Companies communicate their performance and impacts on a broad variety of sustainability concerns, encompassing environmental, social, and governance (ESG) dimensions, through sustainability reporting. It enables businesses to be more open about the threats and opportunities they face, providing stakeholders with a better understanding of performance outside of the bottom line.
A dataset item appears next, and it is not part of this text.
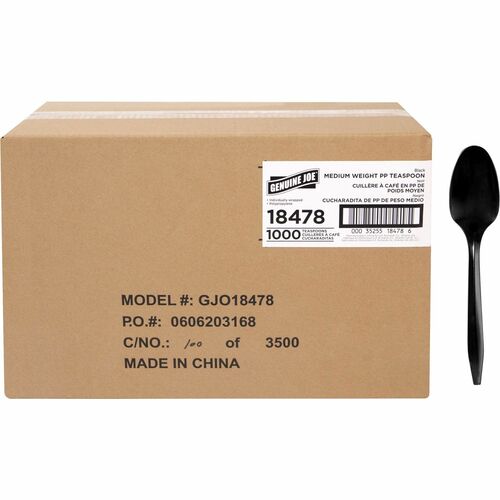 Teaspoons, Medium-Weight Polypropylene, Wrapped, Black 1000/CT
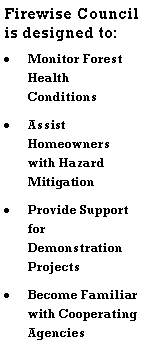 Text Box: Firewise Council is designed to:Monitor Forest Health ConditionsAssist Homeowners with Hazard MitigationProvide Support for Demonstration ProjectsBecome Familiar with Cooperating Agencies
A number of standards have arisen that allow a wide range of stakeholders to more efficiently review and compare sustainability reports as businesses around the world increasingly adopt sustainability reporting. However, according to CRISIL's Environmental, Social, and Governance (ESG) risk assessment of 586 Indian companies across 53 sectors, only one-fifth have published their sustainability report. Service companies, including IT, lending, and auto OEMs, are the leaders in terms of ESG disclosures, while chemicals, mining, construction, EPC, and transportation infrastructure are not. In addition, CRISIL discovered that, when compared to the previous year's report, 12 companies published detailed sustainability reports for the first time. And nine of the companies that published earlier have yet to publish for fiscal 2021.